Bom dia pessoal, alguem sabe me informar se Gbic Rj45 eletica funciona nas OLTs Fiberhome, se sim qual modelo? Grato pela atenção.

----------


## edsong

Não só funciona como já vem com a OLT fiberhome

----------


## jcmaster85

Bom dia, estranho a minha não veio com nenhuma Gbic eletrica rj45, somente com Gbics de fibra.




> Não só funciona como já vem com a OLT fiberhome

----------


## samuelbrutus

Bom dia jcmaster85

! Aqui eu uso de buena. Uso essa aqui: MIKROTIK MODULO GBIC ELETRICO 10/100/1000 S-RJ01

----------


## jcmaster85

Blz, agora posso comprar sem medo. Valeu.



> Bom dia jcmaster85
> 
> ! Aqui eu uso de buena. Uso essa aqui: MIKROTIK MODULO GBIC ELETRICO 10/100/1000 S-RJ01

----------


## edsong

> Bom dia, estranho a minha não veio com nenhuma Gbic eletrica rj45, somente com Gbics de fibra.

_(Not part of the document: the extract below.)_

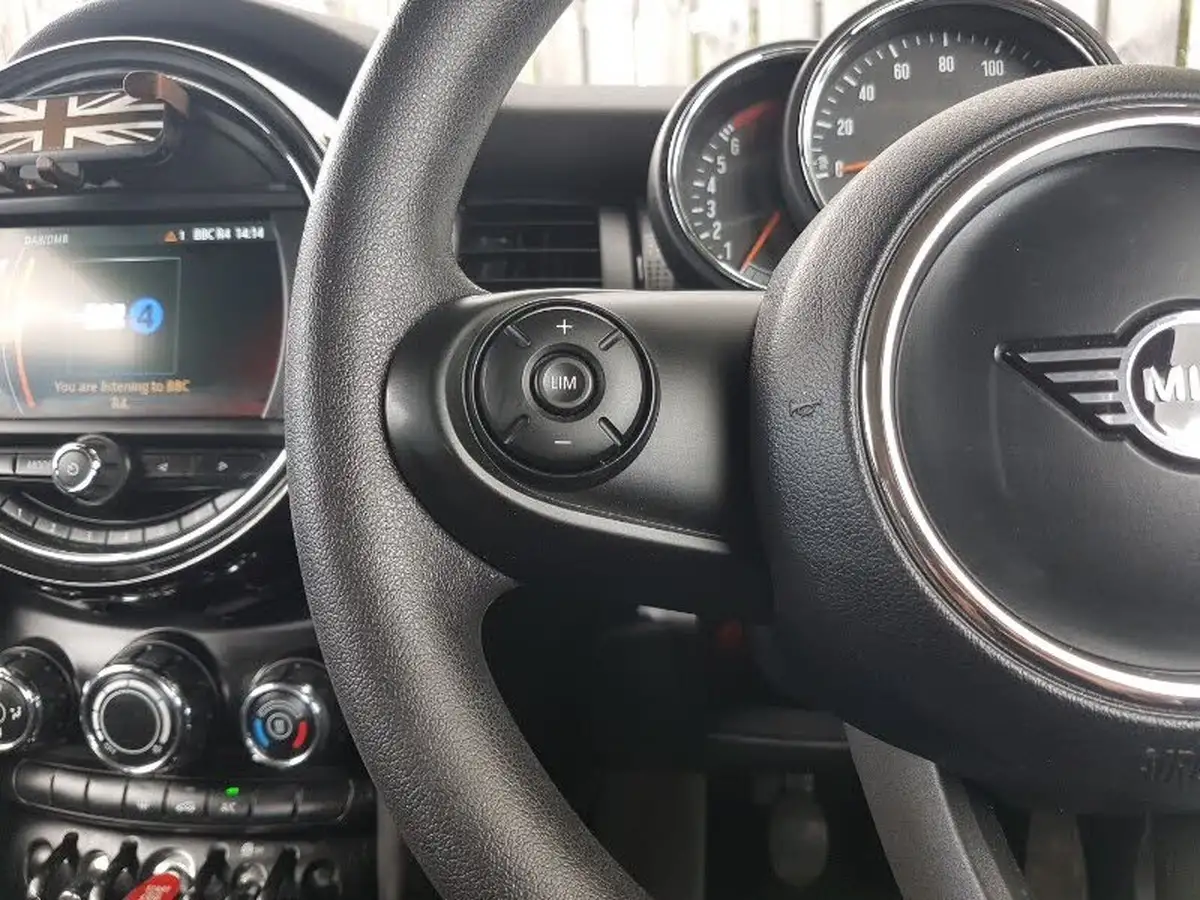 2019-mini-cooper-15-cooper-classic-hatchback-3d-big-11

Aqui compramos 3, uma com 16 slots e duas das menores, com dois slots, elas vieram com 1 gbic metálico, 1 gbic de 1gb, e um 10gb; pelo que o vendedor me informou tudo isso já acompanha a OLT.

----------


## DavidOIW

Pessoal bom dia, venda direta de qualquer produto Fiberhome, Intelbras e Aquário é só falar comigo.
61-99802-5198
e-mail: [email protected]
Somos o maior distribuidor do Centro Oeste.

----------


## estevamneto

Sim funciona. Mikrotik.

----------